Okay, Well think about it and get back to me. Circle back whenever you have after the holidays.

In the meantime, should I read you a story? Okay? Should I go first?

Yeah?

Please do?

Okay. This is called family vacation turned claustrophobic escape mission. Karen, Georgia and co y'all have been my constant companions for years, and I can't believe I'm just now writing in during a recent catch up on minisodes, I heard you ask for disaster vacation stories. So here's mine in the mid zero zerosts oughts.

Yeah, I like mid zero zeros better though, mid zero zeros.

Mid zero zeros. My family went on a trip to Prince Edward Island. My little sister and I in Sufferable preteen book Nerds were hoping to see every place mentioned in Anne of Green Gables. My dad had other plans. His goal was to visit all the lighthouses on the island. There are over fifty. Oh Jesus Christ's a lot of driving around on a vacation.

To get out to a point.

The end of the jetty fucking think yeah to look at a similar thing over exactly.

On a drive to the capital city of Charlottetown or Charlottetown, Charlottetown probably, our dad spontaneously took us to check yet another lighthouse on his list. We were the only people there when we arrived, so we went to take a couple photos. My sister and I had long since clued into the meaning of the phrase if you've seen one, you've seen them all, so we weren't too keen to stay for very long. We were about to ask our parents to leave when they saw two college aided girls trying to climb up from the rocky shore with their bicycles.

Hmm.

My dad asked if they needed help, and boy did they. Turns out they worked for a cruise ship that was docked in the city, and since they had the morning off, they asked a local boat guy and says captain to berry them across the bay so they could bike back into town on the scenic shoreline. When they got halfway across the bay, the boat guy turned off the engine and began pressuring them to drink and take off their clothes since it was so hot.

Oh.

They were stuck for hours with this creep on open water before he finally brought them to the lighthouse. He boasted that they would come crawling back to him because he was their only way back to the city dock before their cruise ship left.

Fucking asshole.

I know.

The lighthouse was so remote. There wasn't a visitor center where they could get help, or any other houses or businesses, and no one had a cell phone. The girls frantically asked us if we could drive them somewhere and call a cab, and it says, and the police to cut get them. My mom and dad took one look at these two young ladies and with two daughters of their own, decided that calling a cab wasn't going to cut it. We had no choice but to drive them back to the city dock ourselves.

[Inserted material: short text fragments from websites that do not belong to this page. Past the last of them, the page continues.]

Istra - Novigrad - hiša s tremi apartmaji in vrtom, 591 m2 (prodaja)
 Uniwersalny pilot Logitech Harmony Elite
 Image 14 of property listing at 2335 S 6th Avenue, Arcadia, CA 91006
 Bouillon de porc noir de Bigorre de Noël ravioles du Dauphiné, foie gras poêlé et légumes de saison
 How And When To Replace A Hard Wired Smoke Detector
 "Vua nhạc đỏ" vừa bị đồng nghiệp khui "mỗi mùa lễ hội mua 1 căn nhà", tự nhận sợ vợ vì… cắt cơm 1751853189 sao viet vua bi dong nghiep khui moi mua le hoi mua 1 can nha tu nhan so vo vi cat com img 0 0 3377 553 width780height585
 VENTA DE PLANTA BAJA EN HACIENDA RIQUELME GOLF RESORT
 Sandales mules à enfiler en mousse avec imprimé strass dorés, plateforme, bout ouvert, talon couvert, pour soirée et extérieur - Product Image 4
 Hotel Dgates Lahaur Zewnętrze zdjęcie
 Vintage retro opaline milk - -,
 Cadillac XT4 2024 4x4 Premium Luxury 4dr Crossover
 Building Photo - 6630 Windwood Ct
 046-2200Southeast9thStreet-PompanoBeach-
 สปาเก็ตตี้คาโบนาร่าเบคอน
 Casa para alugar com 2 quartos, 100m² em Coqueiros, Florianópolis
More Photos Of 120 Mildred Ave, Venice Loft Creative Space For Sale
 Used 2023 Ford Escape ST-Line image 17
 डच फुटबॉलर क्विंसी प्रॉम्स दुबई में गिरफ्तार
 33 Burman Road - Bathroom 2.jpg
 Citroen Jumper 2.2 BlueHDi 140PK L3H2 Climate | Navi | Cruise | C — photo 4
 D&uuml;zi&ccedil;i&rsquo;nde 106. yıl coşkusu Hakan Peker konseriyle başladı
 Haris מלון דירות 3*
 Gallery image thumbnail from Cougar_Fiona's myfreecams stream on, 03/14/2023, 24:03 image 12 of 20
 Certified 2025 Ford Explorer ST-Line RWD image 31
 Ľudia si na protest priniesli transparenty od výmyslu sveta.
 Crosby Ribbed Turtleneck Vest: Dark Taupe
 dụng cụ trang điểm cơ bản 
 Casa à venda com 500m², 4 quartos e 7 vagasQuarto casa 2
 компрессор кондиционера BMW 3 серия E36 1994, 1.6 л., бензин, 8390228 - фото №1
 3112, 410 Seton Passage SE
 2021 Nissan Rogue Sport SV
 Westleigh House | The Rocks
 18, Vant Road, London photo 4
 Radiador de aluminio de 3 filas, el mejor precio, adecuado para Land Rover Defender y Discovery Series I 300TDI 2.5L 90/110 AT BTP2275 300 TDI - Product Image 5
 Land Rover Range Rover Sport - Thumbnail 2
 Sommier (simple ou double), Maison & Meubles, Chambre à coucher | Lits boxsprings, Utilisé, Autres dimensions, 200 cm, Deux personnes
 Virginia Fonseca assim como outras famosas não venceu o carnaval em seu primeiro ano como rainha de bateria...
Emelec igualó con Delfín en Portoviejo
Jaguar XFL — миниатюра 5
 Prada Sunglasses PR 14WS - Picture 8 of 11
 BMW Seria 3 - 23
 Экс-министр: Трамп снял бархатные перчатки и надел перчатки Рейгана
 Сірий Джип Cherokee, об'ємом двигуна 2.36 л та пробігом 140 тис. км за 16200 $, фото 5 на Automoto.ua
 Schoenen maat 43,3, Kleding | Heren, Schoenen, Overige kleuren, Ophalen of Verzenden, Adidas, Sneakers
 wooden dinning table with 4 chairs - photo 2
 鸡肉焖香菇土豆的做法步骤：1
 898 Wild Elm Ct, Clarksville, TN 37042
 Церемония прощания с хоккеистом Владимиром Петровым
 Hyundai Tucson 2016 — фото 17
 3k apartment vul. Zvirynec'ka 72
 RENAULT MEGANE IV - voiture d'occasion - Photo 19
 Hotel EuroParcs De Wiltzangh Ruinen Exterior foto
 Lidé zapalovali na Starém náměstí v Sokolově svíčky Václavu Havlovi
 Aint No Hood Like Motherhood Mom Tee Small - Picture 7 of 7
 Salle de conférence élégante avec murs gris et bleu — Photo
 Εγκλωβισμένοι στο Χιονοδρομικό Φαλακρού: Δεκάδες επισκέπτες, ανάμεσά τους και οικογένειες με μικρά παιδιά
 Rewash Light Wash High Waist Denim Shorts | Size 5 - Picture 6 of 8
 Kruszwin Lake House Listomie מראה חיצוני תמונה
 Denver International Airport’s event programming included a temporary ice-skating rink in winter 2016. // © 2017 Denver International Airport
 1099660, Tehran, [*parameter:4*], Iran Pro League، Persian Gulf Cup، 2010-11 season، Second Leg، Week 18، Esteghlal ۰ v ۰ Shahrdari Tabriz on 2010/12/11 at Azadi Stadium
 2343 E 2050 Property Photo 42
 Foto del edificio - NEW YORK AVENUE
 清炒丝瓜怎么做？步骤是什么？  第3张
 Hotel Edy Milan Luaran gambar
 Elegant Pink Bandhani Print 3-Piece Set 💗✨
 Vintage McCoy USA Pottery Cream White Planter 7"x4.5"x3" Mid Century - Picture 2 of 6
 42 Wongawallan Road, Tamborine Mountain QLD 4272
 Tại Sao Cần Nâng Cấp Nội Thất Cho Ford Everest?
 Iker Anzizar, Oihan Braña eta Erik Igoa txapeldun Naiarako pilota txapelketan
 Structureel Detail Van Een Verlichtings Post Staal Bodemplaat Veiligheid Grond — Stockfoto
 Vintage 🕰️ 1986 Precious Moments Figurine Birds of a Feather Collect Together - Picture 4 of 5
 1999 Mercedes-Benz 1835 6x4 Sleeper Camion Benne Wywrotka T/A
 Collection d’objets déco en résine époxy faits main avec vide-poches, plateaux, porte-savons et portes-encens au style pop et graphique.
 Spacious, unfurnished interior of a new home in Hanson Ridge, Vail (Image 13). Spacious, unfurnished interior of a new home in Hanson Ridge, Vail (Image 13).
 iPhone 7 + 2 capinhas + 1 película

The only problem are rented two door Minnie Cooper, which was already fit to burst with a family of four. Undeterred, my handyman dad was able to and then it says, dismantle their bicycles to fit in the trunk, while my mom squished the girls and me in the backseat and then shoved my little sister on the floor of the passenger seat between her legs.

She's going to get that momming done.

She is not no girl left behind because of a douchebag man.

Exactly to this day, I'm still not sure how we all fit. We must have broken countless unknown Canadian traffic laws, but we got the girls back to their ship with time to spare and to write a police report. Hopefully. They even bought us T shirts from the cruise gift shop as a thank you. Looking back on the story, it makes my skin crawl to imagine how badly things might have gone for those girls if my family hadn't been in the right place at the right time. Stay sexy and rent an suv, Abigail.

For real, God, Abigail, I love that your parents are the kind of people that like, oh, we are not only just going to get involved, We're going to make this work.

Yeah, because like, who knows what happened if they like left them behind and then the guy came back, you know.

Yeah, like ugh, ugh, gross gross. All right, keep your eyes out for those boat guys. Hey, if you have any positive boat guys stories, we're here. We're here to read and counter this fucking bullshit.

We know, we know there's positive ones out there.

We know there's great boat guys out there. Okay, my first one subject line's the one you've been waiting for. I may have babysat for Witness Protection Program kids question mark that is good, and then it says hello, good people and pets. I've been wanting to write in with this story for a long time, and when I heard the story on episode four fifty four about the nineteen seventy eight Leftanza heist, I knew the time was right. I grew up in a small Appalachian city in the eighties. When I was a teenager, a new family moved in down the block, and as I had a monopoly on the neighborhood babysitting jobs, it wasn't long before they hired me to watch their four kids. About a month after they moved in, and during what turned out to be my last babysitting gig with them, the youngest kid, three or four years old, told me about how they had to leave their old house really fast in the middle of the night and couldn't take anything with them. She ended it with and then we came here.

Oh wow.

While she was telling me this, the eldest, maybe ten, got a stricken look on his face and was doing everything good to get her to stop talking. Oh no, that's my sister and I all our lives, but we were not in witness protection.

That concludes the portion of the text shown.